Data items
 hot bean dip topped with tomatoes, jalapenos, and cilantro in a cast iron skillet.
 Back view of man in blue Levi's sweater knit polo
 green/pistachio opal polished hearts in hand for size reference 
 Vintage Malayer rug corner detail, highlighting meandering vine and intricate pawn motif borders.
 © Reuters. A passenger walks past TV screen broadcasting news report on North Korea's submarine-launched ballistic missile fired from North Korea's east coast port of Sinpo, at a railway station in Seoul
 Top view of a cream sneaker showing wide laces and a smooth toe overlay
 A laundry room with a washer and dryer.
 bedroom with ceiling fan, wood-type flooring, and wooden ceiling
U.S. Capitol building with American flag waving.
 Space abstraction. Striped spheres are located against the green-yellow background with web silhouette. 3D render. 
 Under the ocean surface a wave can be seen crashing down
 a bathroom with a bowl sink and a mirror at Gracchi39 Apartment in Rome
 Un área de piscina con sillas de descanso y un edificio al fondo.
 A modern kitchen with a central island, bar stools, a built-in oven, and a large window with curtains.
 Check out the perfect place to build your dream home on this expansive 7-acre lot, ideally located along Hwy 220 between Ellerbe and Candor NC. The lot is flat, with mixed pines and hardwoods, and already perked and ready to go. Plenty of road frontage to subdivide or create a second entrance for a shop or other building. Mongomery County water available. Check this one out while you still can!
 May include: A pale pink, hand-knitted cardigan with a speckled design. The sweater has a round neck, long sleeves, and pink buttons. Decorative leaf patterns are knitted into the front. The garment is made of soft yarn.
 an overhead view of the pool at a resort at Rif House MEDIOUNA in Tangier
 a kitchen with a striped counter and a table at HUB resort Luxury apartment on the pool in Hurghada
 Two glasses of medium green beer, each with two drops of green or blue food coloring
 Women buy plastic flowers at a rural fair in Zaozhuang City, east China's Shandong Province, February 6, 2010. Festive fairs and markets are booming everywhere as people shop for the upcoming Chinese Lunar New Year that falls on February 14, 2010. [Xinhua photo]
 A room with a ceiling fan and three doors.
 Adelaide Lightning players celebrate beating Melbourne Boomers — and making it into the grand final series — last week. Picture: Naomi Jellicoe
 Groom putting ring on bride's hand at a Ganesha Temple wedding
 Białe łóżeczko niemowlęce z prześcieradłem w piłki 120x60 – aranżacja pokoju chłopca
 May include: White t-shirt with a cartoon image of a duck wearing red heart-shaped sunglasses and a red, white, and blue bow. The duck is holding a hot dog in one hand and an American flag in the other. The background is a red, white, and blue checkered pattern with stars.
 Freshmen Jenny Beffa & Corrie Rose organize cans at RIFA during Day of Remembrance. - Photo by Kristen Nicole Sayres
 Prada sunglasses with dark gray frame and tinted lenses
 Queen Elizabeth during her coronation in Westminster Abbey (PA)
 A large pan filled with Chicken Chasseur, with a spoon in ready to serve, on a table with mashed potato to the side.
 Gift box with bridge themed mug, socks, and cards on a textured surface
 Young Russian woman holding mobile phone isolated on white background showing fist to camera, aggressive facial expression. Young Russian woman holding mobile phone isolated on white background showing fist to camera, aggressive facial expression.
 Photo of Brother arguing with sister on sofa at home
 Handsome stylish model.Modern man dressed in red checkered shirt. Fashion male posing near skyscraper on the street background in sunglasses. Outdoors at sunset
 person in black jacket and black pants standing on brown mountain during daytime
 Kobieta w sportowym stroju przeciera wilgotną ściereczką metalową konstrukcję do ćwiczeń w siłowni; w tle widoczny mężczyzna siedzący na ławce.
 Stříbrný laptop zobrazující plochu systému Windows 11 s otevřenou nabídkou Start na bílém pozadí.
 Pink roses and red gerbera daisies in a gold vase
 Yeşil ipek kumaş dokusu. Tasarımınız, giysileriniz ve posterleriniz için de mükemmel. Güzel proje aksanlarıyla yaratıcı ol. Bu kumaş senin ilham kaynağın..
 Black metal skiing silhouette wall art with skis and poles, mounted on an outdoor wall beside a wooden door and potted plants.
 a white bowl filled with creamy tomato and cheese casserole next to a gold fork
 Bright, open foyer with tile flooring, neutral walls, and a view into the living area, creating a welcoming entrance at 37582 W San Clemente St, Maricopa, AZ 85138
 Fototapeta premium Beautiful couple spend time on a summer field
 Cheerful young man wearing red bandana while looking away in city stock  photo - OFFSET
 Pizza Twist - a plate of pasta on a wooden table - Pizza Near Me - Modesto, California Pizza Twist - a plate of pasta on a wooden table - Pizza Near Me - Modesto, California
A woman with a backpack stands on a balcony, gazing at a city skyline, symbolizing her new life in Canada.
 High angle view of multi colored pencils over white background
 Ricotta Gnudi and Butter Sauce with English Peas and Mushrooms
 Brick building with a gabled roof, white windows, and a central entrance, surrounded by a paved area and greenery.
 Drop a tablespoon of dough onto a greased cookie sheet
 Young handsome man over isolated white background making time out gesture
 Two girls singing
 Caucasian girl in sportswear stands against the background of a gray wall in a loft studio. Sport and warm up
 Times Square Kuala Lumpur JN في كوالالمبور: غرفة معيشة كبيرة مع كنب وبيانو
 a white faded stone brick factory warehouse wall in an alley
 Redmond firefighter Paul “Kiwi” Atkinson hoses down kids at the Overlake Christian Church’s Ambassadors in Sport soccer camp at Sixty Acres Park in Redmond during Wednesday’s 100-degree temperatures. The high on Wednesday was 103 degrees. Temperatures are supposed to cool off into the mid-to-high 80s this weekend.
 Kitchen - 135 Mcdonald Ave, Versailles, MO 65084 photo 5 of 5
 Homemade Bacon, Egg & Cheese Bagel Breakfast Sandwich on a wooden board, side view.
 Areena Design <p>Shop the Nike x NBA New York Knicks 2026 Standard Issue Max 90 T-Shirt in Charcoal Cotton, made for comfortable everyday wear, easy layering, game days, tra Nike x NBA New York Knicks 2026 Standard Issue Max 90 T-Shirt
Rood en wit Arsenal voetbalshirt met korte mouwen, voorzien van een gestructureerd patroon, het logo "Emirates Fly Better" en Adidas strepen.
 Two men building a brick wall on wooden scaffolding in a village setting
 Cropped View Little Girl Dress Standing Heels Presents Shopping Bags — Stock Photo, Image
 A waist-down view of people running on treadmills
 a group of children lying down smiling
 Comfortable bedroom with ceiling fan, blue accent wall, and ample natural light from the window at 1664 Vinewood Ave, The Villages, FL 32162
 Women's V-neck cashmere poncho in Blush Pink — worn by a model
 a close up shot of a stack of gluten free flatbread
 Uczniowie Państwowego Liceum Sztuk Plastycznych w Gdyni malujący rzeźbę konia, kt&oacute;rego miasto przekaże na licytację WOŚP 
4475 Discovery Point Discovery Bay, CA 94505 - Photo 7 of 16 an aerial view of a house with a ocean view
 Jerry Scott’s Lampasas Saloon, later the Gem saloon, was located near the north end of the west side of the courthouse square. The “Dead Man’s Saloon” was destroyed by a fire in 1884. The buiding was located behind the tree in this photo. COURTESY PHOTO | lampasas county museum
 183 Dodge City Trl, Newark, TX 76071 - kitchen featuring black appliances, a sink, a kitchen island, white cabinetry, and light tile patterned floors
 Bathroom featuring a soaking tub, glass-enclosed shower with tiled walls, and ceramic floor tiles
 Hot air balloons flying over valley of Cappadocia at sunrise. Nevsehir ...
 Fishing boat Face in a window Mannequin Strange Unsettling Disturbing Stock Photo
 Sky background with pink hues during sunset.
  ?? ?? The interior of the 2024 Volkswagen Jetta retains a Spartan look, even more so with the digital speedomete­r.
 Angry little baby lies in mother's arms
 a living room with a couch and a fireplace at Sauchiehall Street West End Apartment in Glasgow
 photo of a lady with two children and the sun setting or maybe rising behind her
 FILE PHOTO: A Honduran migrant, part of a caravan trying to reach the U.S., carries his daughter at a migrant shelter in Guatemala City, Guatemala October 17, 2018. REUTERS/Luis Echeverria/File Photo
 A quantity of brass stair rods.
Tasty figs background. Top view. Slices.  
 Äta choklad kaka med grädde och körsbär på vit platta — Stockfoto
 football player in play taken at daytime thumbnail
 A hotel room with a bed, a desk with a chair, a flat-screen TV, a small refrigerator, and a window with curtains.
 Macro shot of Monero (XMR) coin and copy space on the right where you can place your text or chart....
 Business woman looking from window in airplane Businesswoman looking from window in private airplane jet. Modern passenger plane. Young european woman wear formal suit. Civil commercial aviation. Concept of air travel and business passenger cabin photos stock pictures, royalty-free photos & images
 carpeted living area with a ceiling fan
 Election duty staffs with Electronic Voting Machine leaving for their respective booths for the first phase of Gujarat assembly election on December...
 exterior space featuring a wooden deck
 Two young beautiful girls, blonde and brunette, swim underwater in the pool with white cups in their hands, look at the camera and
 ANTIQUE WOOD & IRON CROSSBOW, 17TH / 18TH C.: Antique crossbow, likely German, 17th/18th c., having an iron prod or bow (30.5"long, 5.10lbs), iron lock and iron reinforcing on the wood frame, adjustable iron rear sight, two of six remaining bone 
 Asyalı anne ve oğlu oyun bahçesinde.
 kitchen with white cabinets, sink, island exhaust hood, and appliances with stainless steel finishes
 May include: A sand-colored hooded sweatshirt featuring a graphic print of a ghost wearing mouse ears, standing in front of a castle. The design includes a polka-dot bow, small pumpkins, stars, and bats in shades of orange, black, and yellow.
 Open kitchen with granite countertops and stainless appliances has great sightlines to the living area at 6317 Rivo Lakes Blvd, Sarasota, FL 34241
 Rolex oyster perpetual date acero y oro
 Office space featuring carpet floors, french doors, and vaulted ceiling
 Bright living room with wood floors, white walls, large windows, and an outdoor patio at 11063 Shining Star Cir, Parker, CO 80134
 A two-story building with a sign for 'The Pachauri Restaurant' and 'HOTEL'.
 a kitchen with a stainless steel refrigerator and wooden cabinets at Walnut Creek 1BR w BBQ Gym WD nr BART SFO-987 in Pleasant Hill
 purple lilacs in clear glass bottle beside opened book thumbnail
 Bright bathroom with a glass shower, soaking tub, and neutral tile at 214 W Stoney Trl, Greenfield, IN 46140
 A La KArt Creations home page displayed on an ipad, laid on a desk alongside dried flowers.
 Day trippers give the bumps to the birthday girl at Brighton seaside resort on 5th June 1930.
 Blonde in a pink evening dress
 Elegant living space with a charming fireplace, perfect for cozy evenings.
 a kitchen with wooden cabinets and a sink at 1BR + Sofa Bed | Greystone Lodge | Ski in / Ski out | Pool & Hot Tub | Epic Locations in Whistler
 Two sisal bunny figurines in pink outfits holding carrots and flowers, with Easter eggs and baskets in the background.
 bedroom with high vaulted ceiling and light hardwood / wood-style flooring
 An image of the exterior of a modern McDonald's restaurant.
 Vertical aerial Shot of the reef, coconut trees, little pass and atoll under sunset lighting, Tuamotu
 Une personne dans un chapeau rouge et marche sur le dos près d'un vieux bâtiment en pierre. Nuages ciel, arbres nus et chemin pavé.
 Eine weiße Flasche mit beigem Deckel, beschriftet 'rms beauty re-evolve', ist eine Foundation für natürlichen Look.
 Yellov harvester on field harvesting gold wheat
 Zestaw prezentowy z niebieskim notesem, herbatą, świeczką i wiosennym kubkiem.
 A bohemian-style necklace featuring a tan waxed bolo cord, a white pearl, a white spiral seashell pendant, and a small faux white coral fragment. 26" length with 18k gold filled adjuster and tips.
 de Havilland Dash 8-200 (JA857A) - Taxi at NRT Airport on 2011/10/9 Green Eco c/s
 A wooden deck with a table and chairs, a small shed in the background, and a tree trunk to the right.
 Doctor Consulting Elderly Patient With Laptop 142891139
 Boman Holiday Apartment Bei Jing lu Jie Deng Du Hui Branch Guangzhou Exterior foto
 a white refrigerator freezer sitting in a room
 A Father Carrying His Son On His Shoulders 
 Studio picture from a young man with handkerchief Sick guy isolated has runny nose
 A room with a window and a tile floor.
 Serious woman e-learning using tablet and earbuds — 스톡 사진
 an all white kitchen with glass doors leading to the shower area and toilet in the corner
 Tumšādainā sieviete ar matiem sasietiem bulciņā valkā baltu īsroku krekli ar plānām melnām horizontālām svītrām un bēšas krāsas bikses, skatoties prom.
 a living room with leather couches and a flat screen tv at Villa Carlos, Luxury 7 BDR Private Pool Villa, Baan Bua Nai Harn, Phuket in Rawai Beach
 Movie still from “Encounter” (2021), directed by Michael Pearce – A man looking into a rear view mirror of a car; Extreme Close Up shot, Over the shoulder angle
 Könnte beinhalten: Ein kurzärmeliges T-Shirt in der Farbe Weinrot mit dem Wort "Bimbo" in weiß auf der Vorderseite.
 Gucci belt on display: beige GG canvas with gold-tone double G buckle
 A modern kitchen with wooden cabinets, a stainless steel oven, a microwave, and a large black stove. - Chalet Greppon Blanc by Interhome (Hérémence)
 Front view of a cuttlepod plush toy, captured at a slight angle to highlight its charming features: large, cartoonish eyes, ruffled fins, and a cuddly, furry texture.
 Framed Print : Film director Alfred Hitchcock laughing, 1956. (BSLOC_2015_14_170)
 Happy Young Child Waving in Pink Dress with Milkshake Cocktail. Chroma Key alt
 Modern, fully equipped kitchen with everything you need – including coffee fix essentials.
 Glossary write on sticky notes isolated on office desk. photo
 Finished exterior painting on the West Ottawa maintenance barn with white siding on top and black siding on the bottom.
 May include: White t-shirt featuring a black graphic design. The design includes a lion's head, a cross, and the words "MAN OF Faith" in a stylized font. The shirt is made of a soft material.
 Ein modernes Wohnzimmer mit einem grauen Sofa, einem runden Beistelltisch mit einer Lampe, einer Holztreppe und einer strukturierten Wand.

◆ **Work instructions**
Copy out, exactly and alone, the lines of the entries above between the ones holding "A woman with" and "Cropped View Little", inclusive.

◆ **Answer box**
A woman with a backpack stands on a balcony, gazing at a city skyline, symbolizing her new life in Canada.
 High angle view of multi colored pencils over white background
 Ricotta Gnudi and Butter Sauce with English Peas and Mushrooms
 Brick building with a gabled roof, white windows, and a central entrance, surrounded by a paved area and greenery.
 Drop a tablespoon of dough onto a greased cookie sheet
 Young handsome man over isolated white background making time out gesture
 Two girls singing
 Caucasian girl in sportswear stands against the background of a gray wall in a loft studio. Sport and warm up
 Times Square Kuala Lumpur JN في كوالالمبور: غرفة معيشة كبيرة مع كنب وبيانو
 a white faded stone brick factory warehouse wall in an alley
 Redmond firefighter Paul “Kiwi” Atkinson hoses down kids at the Overlake Christian Church’s Ambassadors in Sport soccer camp at Sixty Acres Park in Redmond during Wednesday’s 100-degree temperatures. The high on Wednesday was 103 degrees. Temperatures are supposed to cool off into the mid-to-high 80s this weekend.
 Kitchen - 135 Mcdonald Ave, Versailles, MO 65084 photo 5 of 5
 Homemade Bacon, Egg & Cheese Bagel Breakfast Sandwich on a wooden board, side view.
 Areena Design <p>Shop the Nike x NBA New York Knicks 2026 Standard Issue Max 90 T-Shirt in Charcoal Cotton, made for comfortable everyday wear, easy layering, game days, tra Nike x NBA New York Knicks 2026 Standard Issue Max 90 T-Shirt
Rood en wit Arsenal voetbalshirt met korte mouwen, voorzien van een gestructureerd patroon, het logo "Emirates Fly Better" en Adidas strepen.
 Two men building a brick wall on wooden scaffolding in a village setting
 Cropped View Little Girl Dress Standing Heels Presents Shopping Bags — Stock Photo, Image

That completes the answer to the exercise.